Partimizin iyi mesaj vermesi için iyi düşünmemizin şart olduğunu anladığımız zaman.
Partili olması çıkara dayananlar parti adına çalışanları eleştirerek partili gibi görünmeye çalışmadıkları zaman.
Özveriyle parti adına çalışanların hatalarını görmekte kartal, kendi hatalarını görmekte köstebeklere benzemediğimiz zaman.
Merkez sağ ve merkez sol şehir merkezinin neresinde diye sormadığımız zaman.
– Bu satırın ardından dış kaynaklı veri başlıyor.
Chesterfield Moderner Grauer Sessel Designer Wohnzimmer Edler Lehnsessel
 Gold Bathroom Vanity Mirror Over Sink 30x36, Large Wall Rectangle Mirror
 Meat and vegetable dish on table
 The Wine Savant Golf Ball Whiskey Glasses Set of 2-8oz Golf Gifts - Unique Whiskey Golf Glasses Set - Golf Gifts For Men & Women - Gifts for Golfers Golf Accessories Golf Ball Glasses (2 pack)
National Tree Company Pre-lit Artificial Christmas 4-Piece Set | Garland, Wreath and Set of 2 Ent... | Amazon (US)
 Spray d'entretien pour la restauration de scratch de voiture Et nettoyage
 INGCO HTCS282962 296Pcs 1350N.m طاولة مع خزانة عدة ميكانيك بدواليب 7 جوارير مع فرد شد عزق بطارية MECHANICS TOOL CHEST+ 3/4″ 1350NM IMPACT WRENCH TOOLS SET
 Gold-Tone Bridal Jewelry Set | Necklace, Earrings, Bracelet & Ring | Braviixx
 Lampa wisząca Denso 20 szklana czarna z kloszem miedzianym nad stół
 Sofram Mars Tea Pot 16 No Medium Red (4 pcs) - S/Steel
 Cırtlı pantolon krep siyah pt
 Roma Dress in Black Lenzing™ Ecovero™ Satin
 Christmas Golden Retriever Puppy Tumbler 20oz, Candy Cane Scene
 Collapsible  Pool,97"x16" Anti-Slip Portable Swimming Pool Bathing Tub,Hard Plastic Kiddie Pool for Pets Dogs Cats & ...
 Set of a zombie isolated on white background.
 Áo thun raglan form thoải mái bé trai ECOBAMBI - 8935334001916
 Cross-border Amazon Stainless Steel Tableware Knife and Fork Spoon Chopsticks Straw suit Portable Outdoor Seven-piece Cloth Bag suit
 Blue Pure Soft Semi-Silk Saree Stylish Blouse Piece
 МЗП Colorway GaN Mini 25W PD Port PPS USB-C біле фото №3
Kendi dışında hiçbir şeye, hiçbir kimseye tahammülü olmayan, totalitarizmin ve tahammülsüzlüğün simgesi ampülü söndürme adına değil de, altı oku kendi kendimizi yaralama adına kullanmadığımız zaman.
Ayının muhabbeti ahlat üzerine örneğinde olduğu gibi siyasi muhabbetlerimizi kendi partilimiz belediye başkanı üzerine yapmayı terkettiğimiz zaman.
Parti faaliyetlerimizde hiçbir zaman kafamızı omuzlarımızın dışında bir gruba kiraya vermediğimiz zaman.
Parti içi değerlendirmelerimizde sözün insanın terazisi olduğunu unutmadığımız zaman.
Çıkar adına partinizde siyaset yapanlara kapınız hem açık, hem kapalı, hem aralı olmadığı zaman. Yani kapınız kapalı olduğu zaman.
Siyasal faaliyette ilk yenmeniz gereken düşmanın, öfkeniz olduğunu anladığınız zaman.